Now, please keep in mind one thing: The sex offender colony is NOT…repeat…NOT a replacement for tough, appropriately long, non-paroleable sentencing guidelines in the first place! THAT IS PARAMOUNT. The colony would exist because society cannot handle the large amounts of offenders in their neighborhoods, with the inherent terror parents have with the knowledge that offenders are around their children. Therefore, the colony is SPECIFICALLY for offenders to spend their entire registration periods in a constitutionally-approved manner, eliminating the need for registries as they exist now.

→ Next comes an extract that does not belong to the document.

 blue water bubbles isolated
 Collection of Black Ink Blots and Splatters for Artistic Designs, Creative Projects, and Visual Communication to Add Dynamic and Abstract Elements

Keep in mind, many offenders also are able to leave the registry for certain crimes after a specified amount of time has passed. Therefore, once a registrant’s time period has expired, he can petition the administration to be relieved of the duty to register and live in the SORERA zone. A panel of professionals, law enforcement individuals, and the offender’s victim representatives, will go over the request. If they feel the offender is ready to join society, then he can leave the zone and live anywhere he wants, although he will have to permanently register with law enforcement wherever he goes for the rest of his life. Bear in mind, also, that any registrant who has to register for life will NEVER get the opportunity to leave the zone. Only the most benign of the registrants will ever be allowed to leave.

Anyway, this is all I have for now… make sense?